Exercise:
Required from the data below: the exact lines starting at the line containing "tropikal dock güzel yat ile" and ending at the line containing "Ким Кардашьян показала", with both ends kept and all pictures dropped.

Data in this exercise:

┄┄┄┄┄┄┄┄┄┄┄┄┄┄┄┄┄┄┄┄

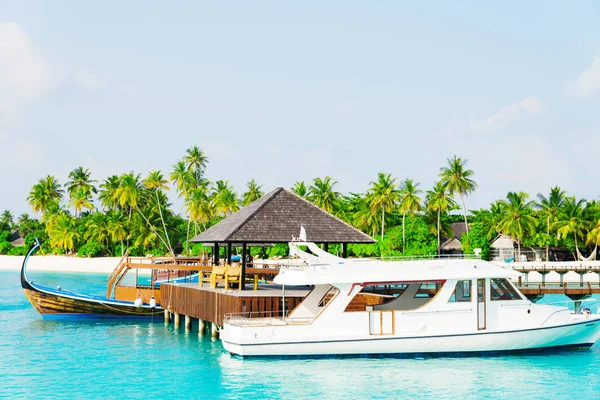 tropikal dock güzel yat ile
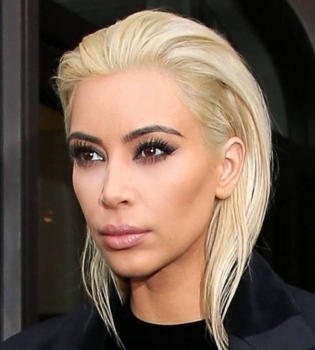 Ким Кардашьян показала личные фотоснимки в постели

┄┄┄┄┄┄┄┄┄┄┄┄┄┄┄┄┄┄┄┄

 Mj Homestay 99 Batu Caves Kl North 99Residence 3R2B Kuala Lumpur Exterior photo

┄┄┄┄┄┄┄┄┄┄┄┄┄┄┄┄┄┄┄┄

Written answer:
 tropikal dock güzel yat ile
 Ким Кардашьян показала личные фотоснимки в постели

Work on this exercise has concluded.